Une belle histoire ne fait pas un bon film
Côté réalisation, Kamini a confié son Bienvenue à Marly-Gomont à Julien Rambaldi, qui a pour seuls faits d’armes cinématographiques Scotch en 2003 et Les Meilleurs amis du Monde en 2009. Maigre. Malgré la contextualisation scénique des années 70 immédiate offerte, bras quasi-tendus, à son cinéaste, celui-ci parvient tout de même à rendre la mise en scène quasiment inexistante, se contenant de plans convenus et d’une atmosphère de téléfilm difficilement excusable au cinéma. Pour ne rien arranger, côté interprétation, la pauvreté et la platitude des dialogues répond à des jeux d’acteur souvent stéréotypés, ultra-limités dans leurs mouvements, ne laissant qu’une bribe superficielle au spectateur.
Le propre de Marly-Gomont est l’ennui, et c’est malheureusement le sort qui attend les spectateurs au visionnage du film.
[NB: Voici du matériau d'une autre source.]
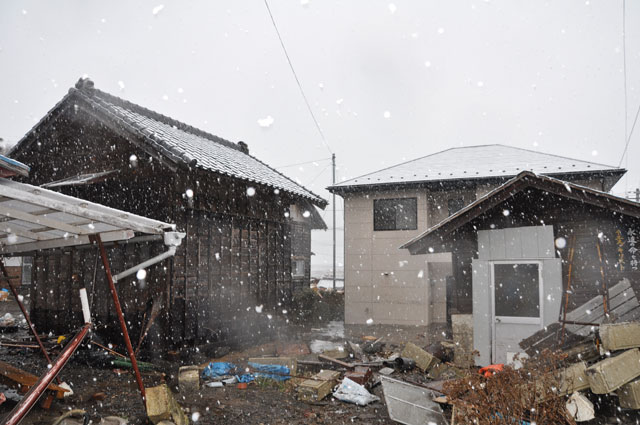 町民からの写真提供 震災 3月11日 16時～17時46分 吉田浜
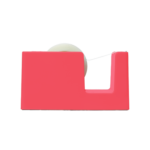 up-tape-web-neon-coral-flat-blank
Outre les anachronismes et les évidences maladroites, même les sous-textes sociaux du genre « Pourquoi c’est plus dur quand on est Noir ? » sont des questions qui restent en suspens, qui n’amènent aucun traitement, aucune réflexion autre que celle que le temps a dû éprouver et finalement balayer. Et encore. La bataille, complexe, de l’intégration y est par extension souvent amenée avec énormément de clichés et de facilités. Loin, très loin de la brillante narration du récent Good Luck Algeria. Registre différent, certes, mais quelques parallélismes de forme comme de fond sont à dresser.
Que dire alors de la conclusion, où les événements nous sont rappelés façon spectacle pour enfants, encore plus premier degré que premier degré, bande originale tire-larmes à la clef. Dès lors que les fondamentaux sont aussi brouillons, difficile de se relever d’un tel coup d’estoc. Aussi poignante et révélatrice des intolérances raciales et culturelles que soit l’histoire du père de Kamini, un film reste un film avant tout. Le cinéma est affaire de réunion d’arts, de l’image, du son, du jeu, de la narration. Ce n’est pas par plaisir ni par condescendance cruelle que l’on se livre à l’exercice de ce rappel scolaire et simpliste, mais bien parce que Bienvenue à Marly-Gomont en bafouille les définitions les plus élémentaires et ne saurait en être excusé par son propos.
On ne devrait peut être pas, mais on foncièrement triste de devoir taper autant sur les doigts de Kamini, de Bienvenue à Marly-Gomont et de sa belle histoire. Si c'est peut être toute la seconde génération d'immigrés qui se retrouveront dans quelques souvenirs et attitudes, un film doit être jugé comme tel, et non comme une brume nostalgique. Excusable pour ceux qui s'y retrouvent, foncièrement maladroit et dérangeant pour les autres, Bienvenue à Marly-Gomont a le mérite de hisser un papa vers l'immortel pour son fils, sa famille et ses amis. Rien de plus.